The new leadership brought on to steer the FTX group of companies through bankruptcy and defunct crypto lender BlockFi have both tried to claim the Robinhood shares, which will be subject to future forfeiture proceedings. The shares belong to an entity that is 90% owned by Bankman-Fried and one of more than 100 companies tied up in Delaware bankruptcy court proceedings.
Even worse for Bankman-Fried, his top lieutenants at FTX have turned on him. FTX co-founder Gary Wang and former Alameda Research CEO Caroline Ellison have pleaded guilty to criminal charges and are cooperating with investigators, likely strengthening the Justice Department’s case against him.
SBF could lean on family, still access Robinhood shares
“He’s now constricted to his parents’ Palo Alto home. He’s got a monitoring bracelet. His passport has been forfeited. He’s got no real prospects of employment.” said Richard Mico, the CEO and chief legal officer of the fintech platform Banxa. “He’s now at the mercy of receiving funds from his family and friends.”
Many expect Bankman-Fried’s friends and family will chip in to cover his ballooning legal bills.
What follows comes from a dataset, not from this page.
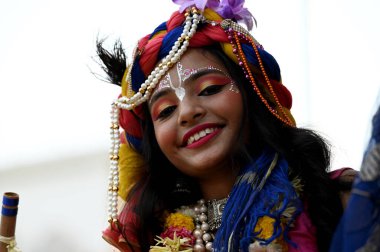 NOIDA, INDIA AUGust 26 Ağustos 2023 'te Hindistan' ın Noida kentinde, Krishna Janmashtami 'nin önünde, Sektör 18' den Sektör 33 'e kadar ISKCON tapınağı tarafından düzenlenen bir geçit törenine katılanlar katıldı..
His parents, Stanford Law School professors Joseph Bankman and Barbara Fried, already have put their California home on the line for his $250 million bond. Bankman did not respond to a request for comment. A pair of cosigners whose identities Bankman-Fried's lawyers successfully kept secret in court, at least so far, also helped.
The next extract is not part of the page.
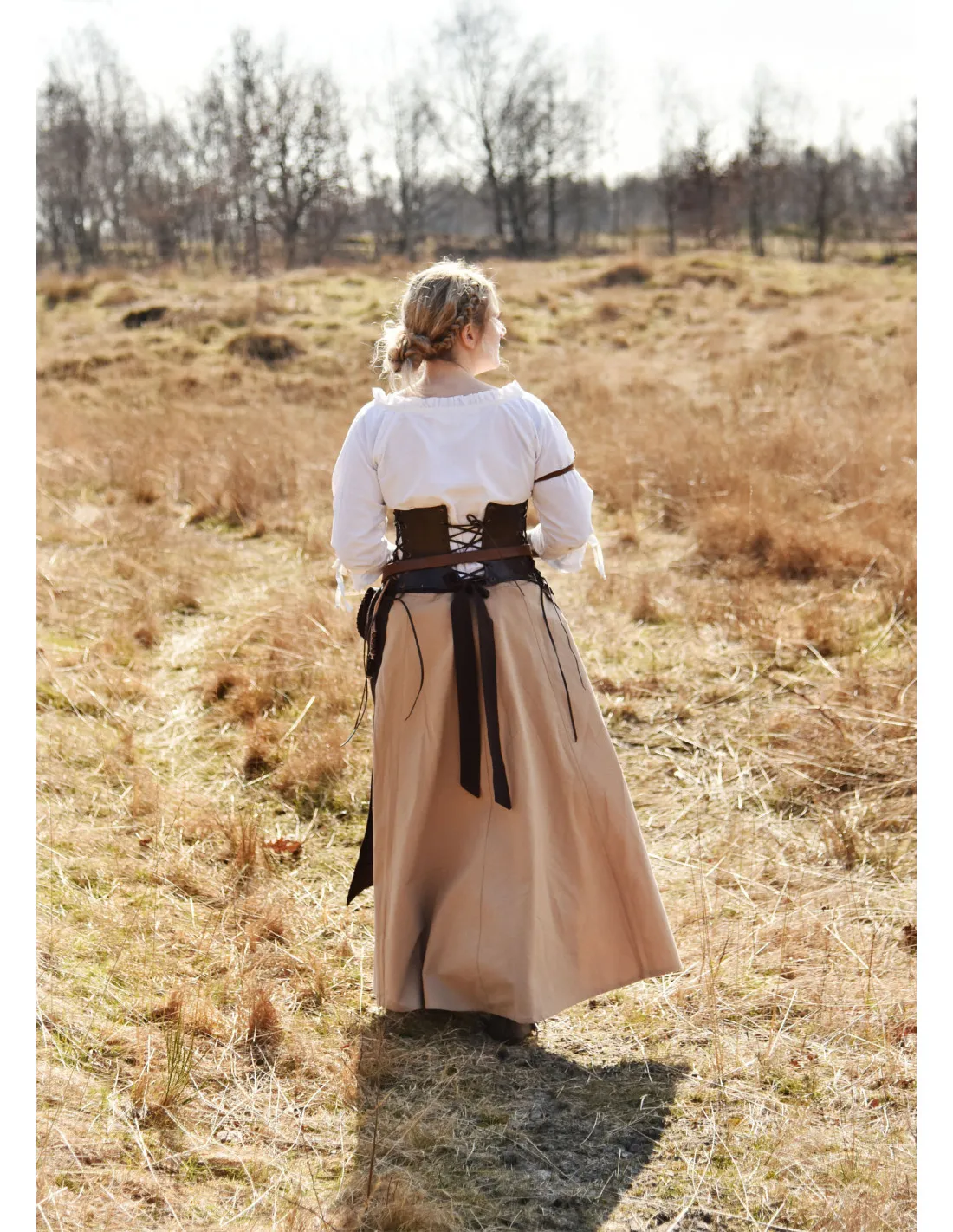 Falda medieval con corte ancho, marrón claro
Although his Robinhood shares were seized, Bankman-Fried could have a way to access them. His lawyers could ask the court to allow him to use the seized shares to fund his legal bills. Seized assets, or at least a portion of them, have been used to fund legal bills in some cases.
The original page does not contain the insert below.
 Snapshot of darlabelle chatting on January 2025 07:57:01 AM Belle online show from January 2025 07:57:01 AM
“It’s entirely up to the judge,” Sorkin said.
Bankman-Fried recently retained a separate legal team specifically for his effort to reclaim the Robinhood shares. He is represented by Edward Schnitzer, Gregory Donilon and David Banker of Montgomery McCracken Walker & Rhoads. His criminal defense team includes Mark Cohen, who represented Ghislaine Maxwell during the child sex trafficking case she recently lost, and Christian Everdell, partners at the New York law firm Cohen & Gresser.
The former FTX boss also has a spokesperson, Mark Botnick, who declined to comment on how Bankman-Fried is paying for his legal defense.
There's always money in the ... officer liability insurance plan
Aside from friends and family or the seized shares, funding could come from director and officer liability insurance if FTX purchased such protection before it imploded.
“Most companies are going to have D&O insurance for their officers,” said David Maria, general counsel for crypto exchange Bittrex. “It just depends what FTX was doing with their insurers. But that's routine. Executives are indicted, it’s not an uncommon thing.”
Bankman-Fried resigned as CEO of FTX when the firm filed for bankruptcy. An FTX lawyer did not respond to a request for comment about whether the company had insurance that Bankman-Fried might use for his legal defense, or whether he might still be covered by it.
Whatever happens in court, there's one certainty from extended legal battles: The high price tag for a criminal defense team, along with the bankruptcy and civil enforcement cases, would cost Bankman-Fried millions over the next several years.
“If you were to fully litigate against all of these entities, the SEC, the CFTC, your stake in bankruptcy and the criminal side, just keep writing checks,” Maria said.
Disclaimer: Beginning in 2021, Michael McCaffrey, the former CEO and majority owner of The Block, took a series of loans from founder and former FTX and Alameda CEO Sam Bankman-Fried. McCaffrey resigned from the company in December 2022 after failing to disclose those transactions.